Fusion!: Wes Montgomery with Strings is an album by the American jazz guitarist Wes Montgomery, released in 1963.

History
Fusion was the first album Montgomery recorded with a string section. This would become more commonplace on his later releases on the Verve and A&M labels.
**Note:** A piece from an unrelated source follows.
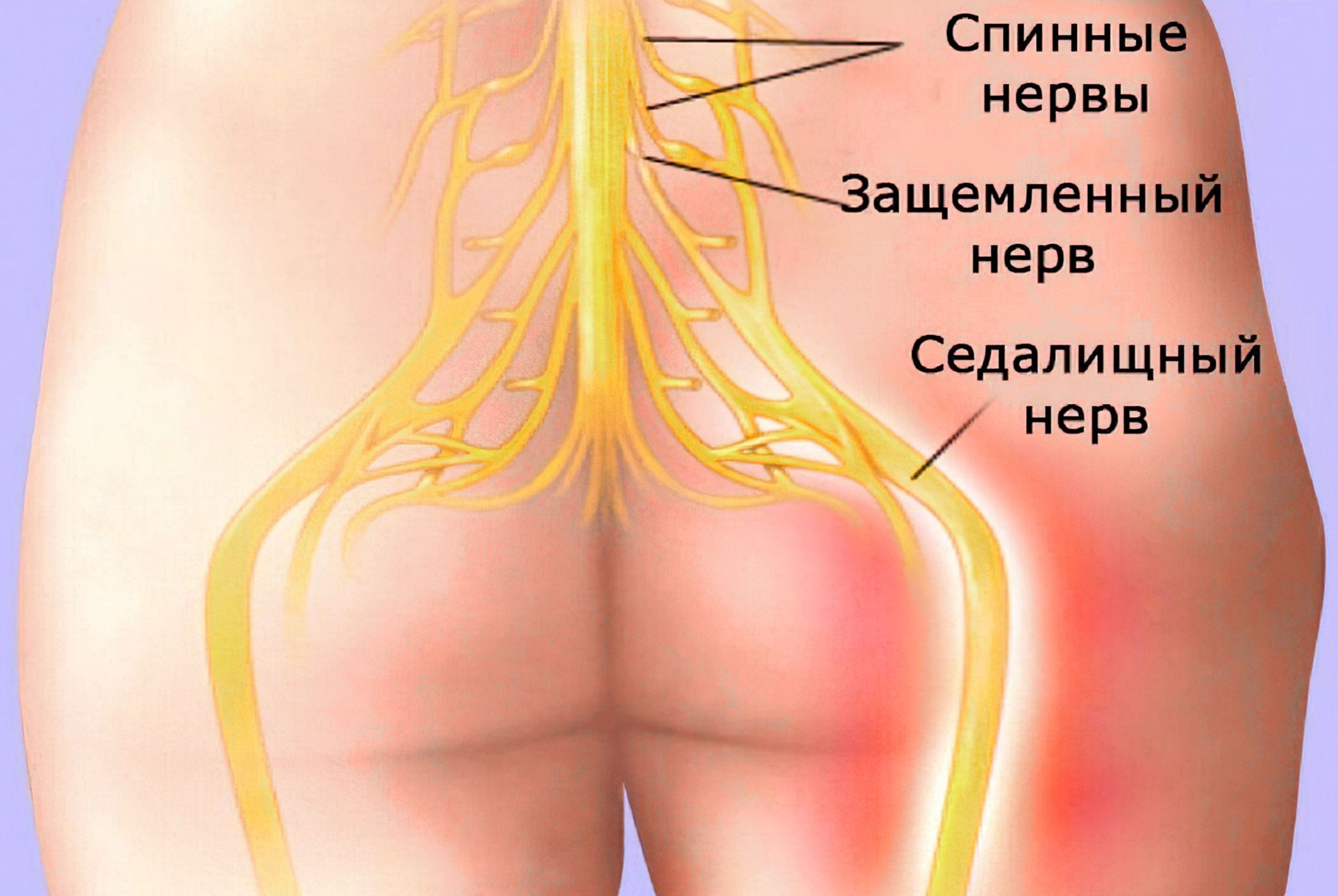 Зажат нерв лечение. Защемление седалищного нерва. Анатомия. Седалищный нерв в ягодице. Седалищный нерв схема.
It has been reissued in the Original Jazz Classics series with additional alternate takes and all the tracks are also available on the Wes Montgomery compilation CD-set The Complete Riverside Recordings.

Reception 

In his AllMusic review, music critic Scott Yanow praised the album: "As with his later albums, Montgomery's guitar solos here are brief and melodic but the jazz content is fairly high even if the emphasis is (with the exception of 'Tune Up') on ballads... worth picking up; the music is quite pretty and pleasing."

Track listing
"All the Way" (Jimmy Van Heusen, Sammy Cahn) – 2:39
"Pretty Blue" (Wes Montgomery) – 3:40
"Pretty Blue" [Alternate take] (Montgomery) – 2:58
"In the Wee Small Hours of the Morning" (Mann, Hilliard) – 2:51
"Prelude to a Kiss" (Duke Ellington, Irving Mills, Irving Gordon) – 3:08
"The Girl Next Door" (Ralph Blane, Hugh Martin) – 3:08
"My Romance" (Richard Rodgers, Lorenz Hart) – 2:31
"God Bless the Child" (Billie Holiday, Arthur Herzog Jr.) – 3:19
"Tune Up" (Miles Davis) – 3:14
"Tune Up" [Alternate take] (Davis) – 5:09
"Tune Up" [Alternate take] (Davis) – 4:44
"Somewhere" (Leonard Bernstein, Stephen Sondheim) – 3:30
"Baubles, Bangles & Beads" (George Forrest, Robert Wright, Alexander Borodin) – 2:19

Personnel
 Wes Montgomery – guitar
 Milt Hinton – bass
 Kenny Burrell – guitar
 Dick Hyman – piano, celesta
 Hank Jones – piano, celesta
 Osie Johnson – drums
 Phil Bodner – woodwinds
 Burt Fisch – viola
 Ralph Hersh – viola
 Alfred Brown – viola
 Leo Kruczek – violin
 Harry Lookofsky – violin
 Mac Ceppos – violin
 Winston Collymore – violin
 Arnold Eidus – violin
 David Nadien – violin
 Gene Orloff – violin, concert master
 Raoul Poliakin – violin
 Samuel Rand – violin
 Sylvan Shulman – violin
 Paul Winter – violin
 Isadore Zir – violin
 George Ricci – cello
 Lucien Schmit – cello
 Charles McCracken – cello
 Kermit Moore – cello
 Margaret Ross – harp
 Gloria Agostini – harp

Production notes:
 Orrin Keepnews – producer
 Ray Fowler – engineer
 Jimmy Jones – conductor, arranger

References

External links
Jazz Discography

1963 albums
Wes Montgomery albums
Albums produced by Orrin Keepnews
Riverside Records albums
Albums arranged by Jimmy Jones (pianist)
Albums conducted by Jimmy Jones (pianist)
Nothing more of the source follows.